*WORK INSTRUCTIONS:* No pictures are to be included when the entries below are reproduced exactly.

━━━ SOURCE RECORDS

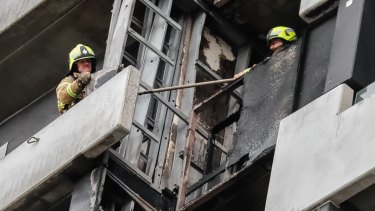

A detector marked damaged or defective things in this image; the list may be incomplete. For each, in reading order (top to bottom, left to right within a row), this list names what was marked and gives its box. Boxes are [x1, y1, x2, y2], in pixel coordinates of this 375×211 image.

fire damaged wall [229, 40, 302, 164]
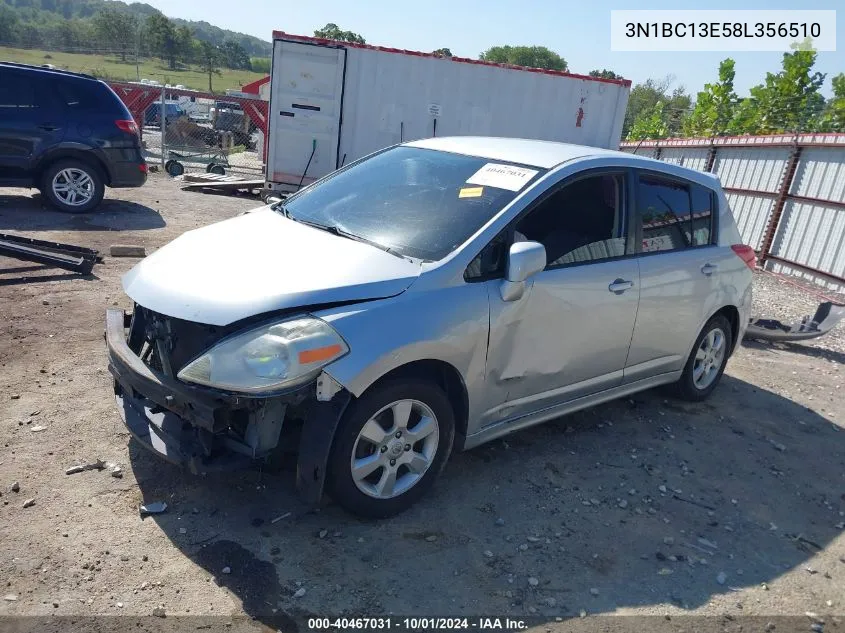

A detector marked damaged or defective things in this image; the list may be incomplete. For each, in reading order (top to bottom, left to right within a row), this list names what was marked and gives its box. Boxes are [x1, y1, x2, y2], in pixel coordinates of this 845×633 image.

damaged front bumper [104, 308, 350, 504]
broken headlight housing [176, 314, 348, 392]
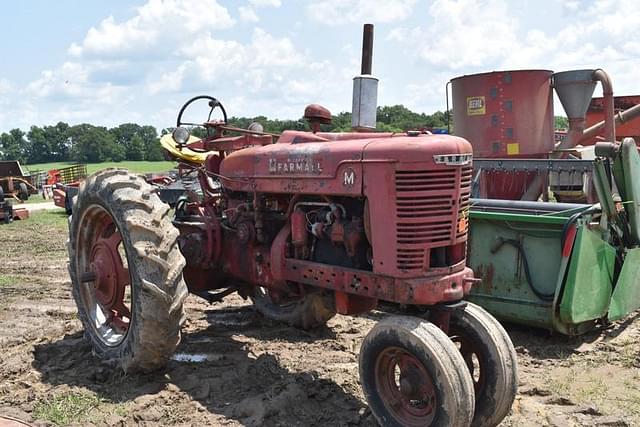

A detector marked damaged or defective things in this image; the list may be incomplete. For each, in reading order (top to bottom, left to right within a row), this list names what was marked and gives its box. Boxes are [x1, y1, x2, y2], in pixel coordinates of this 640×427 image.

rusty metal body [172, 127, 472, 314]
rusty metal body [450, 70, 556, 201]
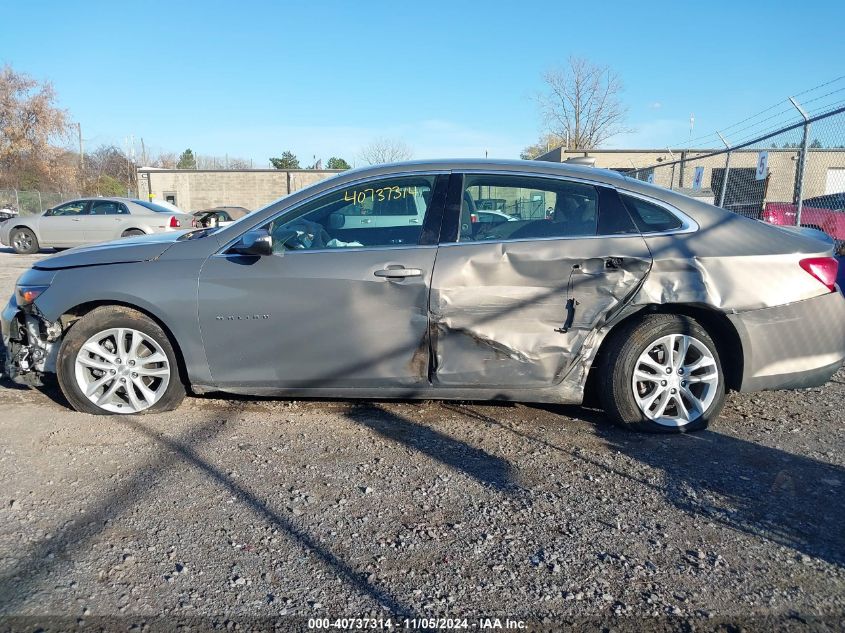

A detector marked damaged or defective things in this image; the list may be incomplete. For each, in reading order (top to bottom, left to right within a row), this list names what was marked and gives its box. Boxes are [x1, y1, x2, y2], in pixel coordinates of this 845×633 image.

━━━━━━

*RESULT BELOW:*
A detector marked damaged or defective things in this image; the list may be incomplete. For each, in reading order (top to bottom, left to right within a row), this list names what was marked and gives its box. Boxes are [x1, y1, x2, y2], in pixel coordinates of this 375×211 image.

fire damaged wall [229, 40, 302, 164]

A detector marked damaged or defective things in this image; the list may be incomplete. For each, in reading order (top to bottom, left to right within a row), this list names what was marked and gives its box. Boxes are [x1, y1, x2, y2], in pixel coordinates of this 845×633 image.

damaged front bumper [104, 308, 350, 504]
broken headlight housing [176, 314, 348, 392]

A detector marked damaged or defective things in this image; the list may be incomplete. For each, in reading order (top to bottom, left to right within a row), this list names what was marked and gives its box. Boxes are [x1, y1, x2, y2], in pixel coordinates of this 640×427 image.

rusty metal body [172, 127, 472, 314]
rusty metal body [450, 70, 556, 201]

A detector marked damaged or defective things in this image; the list may be incomplete. For each, in reading order (top to bottom, left to right within a row), this list names what was marked and gives its box. Boxes are [x1, y1, x2, y2], in pixel coordinates of this 845×633 image.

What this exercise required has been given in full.